Salaries – Just How Much Are You Worth?

Regardless of income, job, background or education, nearly everyone thinks they are entitled to more money than they are getting. Salary negotiation, however, has to be based on realistic expectations within the current marketplace and, like investments, ‘what you are worth’ in an employer’s eyes can go up or down.

At one time, trying to get hold of salary information proved quite a difficult task. As employers are wont to pay as little as possible, while still trying to keep their employees reasonably happy, they liked to ‘play their cards close to their chests’ for fear that expectations might rise and their bank balances might suffer. Nowadays, however, it is much easier to find this information because the Internet has effectively empowered employees, who now know where to go to get this information.

While data naturally varies from site to site, there is a huge range of anything from salary surveys to customized compensation analyses available online. Here are just a few which will help to give you an idea of what others in your line of work are receiving, or what it might be reasonable to expect in a different field.

1. Salary.com allows you to input or select from a range of job titles to find out the US national average for that particular role, such as National Account Manager. Insert your zip code and you can learn what percentage of all National Account Managers is employed in your region, as well as the median salaries for the region. You can even check out the educational levels within a profession and the variation in salaries depending upon the size of the employer. By going a step further, inputting a few straightforward details about your company, industry, job title, pay and performance and education and the site will give you access to your own ‘You vs Market’ Report, as well as providing you with monthly updates on your salary ranges and notifications of any job postings in your area.

2. Payscale.com is another site which provides accurate, real-time reports based on your job title, location, education, skills and experience. It gives you the opportunity to evaluate a job offer or raise, evaluate your salary for your current job or check out the salaries for a job that you may be considering for the future.

3. Indeed.com has a link to its own salaries page, providing the average salaries for jobs according to zip code, as well as historical trends within particular professions.

4. Vault.com holds a comprehensive range of salary surveys on major companies, industries and professions, although it has to be said that when I tried it, many of the links were unavailable and some information is only available to Vault Gold Members.

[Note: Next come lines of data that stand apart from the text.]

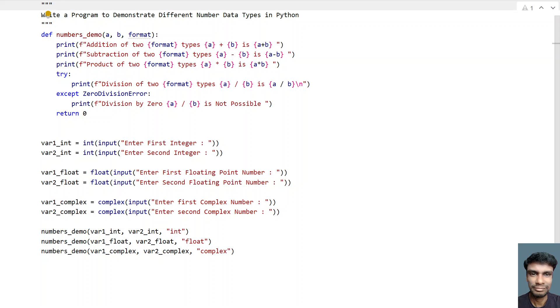This is the complete program to demonstrate the three number data types of Python. That's it for this video — hope you liked it, thank you for watching, bye bye!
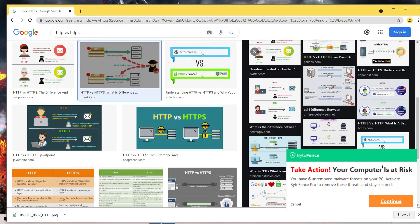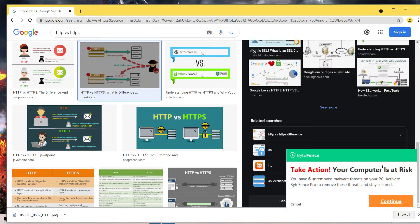Everyone uses the internet but everybody doesn't know about the security — about what they are uploading, what they are sharing. Nowadays there are too many hackers who can very easily steal your personal information, your data, and your credit card information. In this video I will explain all these things.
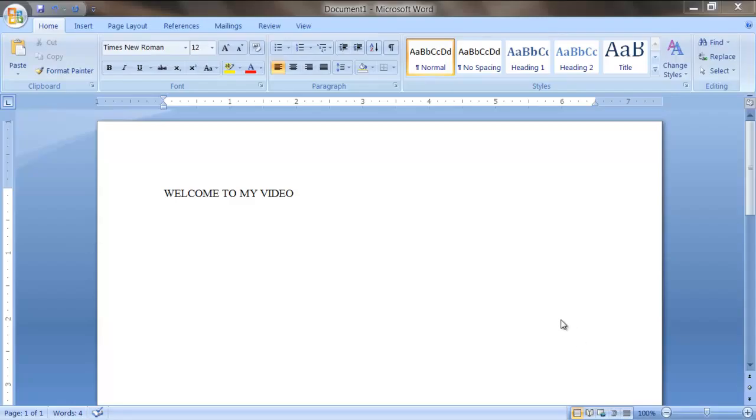Hello, I'm going to be showing you guys Microsoft Word, but we're going to start with changing the font type, the size and the color.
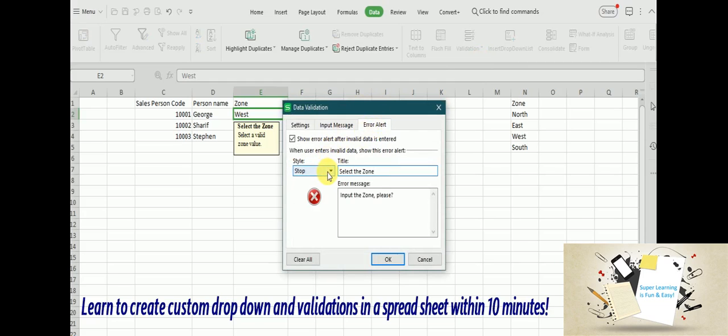And one more thing I want to emphasize here is there is a style option, which is showing up three values: Stop. Stop means you cannot pass this field without entering a proper value.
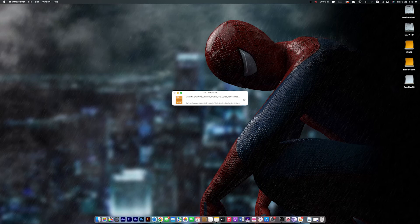Hello. This is 9M Studio. Today we install DaVinci Resolve 18.1. Let's start. First, unzip DaVinci Resolve and wait a few moments.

5. America’s Career InfoNet at www.acinet.org offers salary information on a wide range of occupations, either nationally or by area. There are yearly and hourly wage charts, as well as a 2007 wage table which is useful for comparative purposes, for each occupation.

6. The United States Department of Labor’s Bureau of Labor Statistics provides a wealth of current and historical surveys and statistical data, as well as all that contained within its Occupational Outlook Handbook and Career Guide to Industries.

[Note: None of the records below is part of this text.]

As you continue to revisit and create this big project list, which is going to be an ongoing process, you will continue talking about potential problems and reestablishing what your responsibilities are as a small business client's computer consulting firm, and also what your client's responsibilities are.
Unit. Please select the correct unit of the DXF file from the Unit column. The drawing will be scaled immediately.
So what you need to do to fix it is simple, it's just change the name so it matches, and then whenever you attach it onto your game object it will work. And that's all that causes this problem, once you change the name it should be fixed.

Of course, especially in a tough economic climate, there may appear to be a huge gulf between what you think you are worth and what employers are willing to pay (see my post dated 20 April concerning how employers are putting the squeeze on workers), but doing your research and going into the marketplace with even a rough idea of what is reasonable is certainly better than completely ‘outpricing’ or undervaluing yourself.

The other thing to remember is that salary ranges are all very well, but the key to maximizing your compensation is about clearly demonstrating the benefits that you can bring to an organization. A well-documented performance which provides a prospective employer with quantitative results and shows him how you solved problems or accomplished tasks is pretty tough to argue with!